I went over and hugged her. Held her and cried with her. Cried over her with my own tears. I shared with her my love for her. My desire to help her be better. To get through this. Although I lead people to their crucifixion, I also lead them to their resurrection with a new and improved life. True life. Not the appearance of life like the masses do.
Frustration
While I was studying the C.R.S…especially the NAR false “prophets and apostles,” I had to deal with my own irritations at their lying ways.
I was always baffled by their arrogance. Amazed at the ignorance of their followers. How they blindly follow these people because they FEEL good by the words they hear.
Baffled by the lack of care and conviction of the leaders. How can you tell people such positive things when you have no clue what really is going to happen to those people?
Where is the conviction? The fear of Father’s wrath?
Suffering
Another thing that made me shake my head in wonder was the comments. All these people believing they are suffering in the Wilderness for Father…instead of the truth. The truth is…they are suffering because of their disobedience to Father. Their suffering is a result of their rebellion.

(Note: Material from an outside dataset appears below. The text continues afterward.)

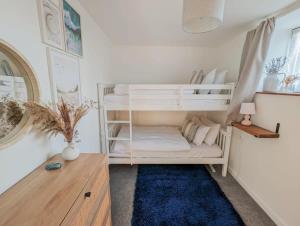 1 dormitorio con 2 literas y alfombra azul en Charming Cottage with Stunning Views, en Calstock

These “prophets and apostles” are not only lying to the people but feeding the flesh of the people. Keeping them enslaved to their disobedience. Entrapment.
Horrible to sit back and watch this happening knowing what is transpiring.
I saw on repeat, different women who were marrying their “kingdom spouse.” They are being led astray by the wolves in sheep’s clothing…combined with their own selfish sinful desires. Add some sprinklings of their own lie-based belief system which is triggering them into a place of desperation…it is a concoction…a recipe for disaster in the making.
One woman shared she believed Father told her to give everything up and move. She did and now she is suffering because there is nothing there for her. Now she believes He abandoned her.
No…He didn’t lead you to that place.
My entire time in this Wilderness place, He has never had me move without first preparing that place for me to move to.
Father doesn’t lead man to a dead end.
If you were led to a dead end…a place of no provision…it wasn’t Father that led you to that place. It was the flesh…yours or another man’s…or the enemy.
Ready to Show the World
I am ready to show the world a better way.
The Way. His Way.
I KNOW The Way…intimately.
Super tired of watching blind Christians leading the blind to their slaughter.
I am feeling like it is showtime.
Time for Father to show me His glory. For me to in turn show the world His glory.